**TASK ITEM:** Reproduce each record exactly, leaving out no line.

** Opening SOURCE DATA block **

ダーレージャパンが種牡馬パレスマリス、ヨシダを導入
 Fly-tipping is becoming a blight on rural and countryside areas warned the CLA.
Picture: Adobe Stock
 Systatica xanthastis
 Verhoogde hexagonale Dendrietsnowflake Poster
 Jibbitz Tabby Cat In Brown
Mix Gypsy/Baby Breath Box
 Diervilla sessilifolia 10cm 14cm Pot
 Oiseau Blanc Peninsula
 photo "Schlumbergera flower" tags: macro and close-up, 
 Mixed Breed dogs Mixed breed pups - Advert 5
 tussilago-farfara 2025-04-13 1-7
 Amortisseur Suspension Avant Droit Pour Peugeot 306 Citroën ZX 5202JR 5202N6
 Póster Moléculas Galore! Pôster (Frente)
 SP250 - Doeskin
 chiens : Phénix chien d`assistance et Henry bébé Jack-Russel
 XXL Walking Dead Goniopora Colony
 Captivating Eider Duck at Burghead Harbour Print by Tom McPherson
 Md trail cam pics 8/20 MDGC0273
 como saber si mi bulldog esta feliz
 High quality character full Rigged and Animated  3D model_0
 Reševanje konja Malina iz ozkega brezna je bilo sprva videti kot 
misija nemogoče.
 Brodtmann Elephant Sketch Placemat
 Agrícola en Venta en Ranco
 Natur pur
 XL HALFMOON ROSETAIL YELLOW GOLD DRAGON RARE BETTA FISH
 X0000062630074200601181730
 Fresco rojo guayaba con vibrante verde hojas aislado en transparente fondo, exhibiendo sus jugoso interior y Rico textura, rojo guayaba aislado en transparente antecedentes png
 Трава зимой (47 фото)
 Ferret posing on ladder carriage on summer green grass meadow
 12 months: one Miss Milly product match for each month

** Closing SOURCE DATA block **

**SOLUTION:**
ダーレージャパンが種牡馬パレスマリス、ヨシダを導入
 Fly-tipping is becoming a blight on rural and countryside areas warned the CLA.
Picture: Adobe Stock
 Systatica xanthastis
 Verhoogde hexagonale Dendrietsnowflake Poster
 Jibbitz Tabby Cat In Brown
Mix Gypsy/Baby Breath Box
 Diervilla sessilifolia 10cm 14cm Pot
 Oiseau Blanc Peninsula
 photo "Schlumbergera flower" tags: macro and close-up, 
 Mixed Breed dogs Mixed breed pups - Advert 5
 tussilago-farfara 2025-04-13 1-7
 Amortisseur Suspension Avant Droit Pour Peugeot 306 Citroën ZX 5202JR 5202N6
 Póster Moléculas Galore! Pôster (Frente)
 SP250 - Doeskin
 chiens : Phénix chien d`assistance et Henry bébé Jack-Russel
 XXL Walking Dead Goniopora Colony
 Captivating Eider Duck at Burghead Harbour Print by Tom McPherson
 Md trail cam pics 8/20 MDGC0273
 como saber si mi bulldog esta feliz
 High quality character full Rigged and Animated  3D model_0
 Reševanje konja Malina iz ozkega brezna je bilo sprva videti kot 
misija nemogoče.
 Brodtmann Elephant Sketch Placemat
 Agrícola en Venta en Ranco
 Natur pur
 XL HALFMOON ROSETAIL YELLOW GOLD DRAGON RARE BETTA FISH
 X0000062630074200601181730
 Fresco rojo guayaba con vibrante verde hojas aislado en transparente fondo, exhibiendo sus jugoso interior y Rico textura, rojo guayaba aislado en transparente antecedentes png
 Трава зимой (47 фото)
 Ferret posing on ladder carriage on summer green grass meadow
 12 months: one Miss Milly product match for each month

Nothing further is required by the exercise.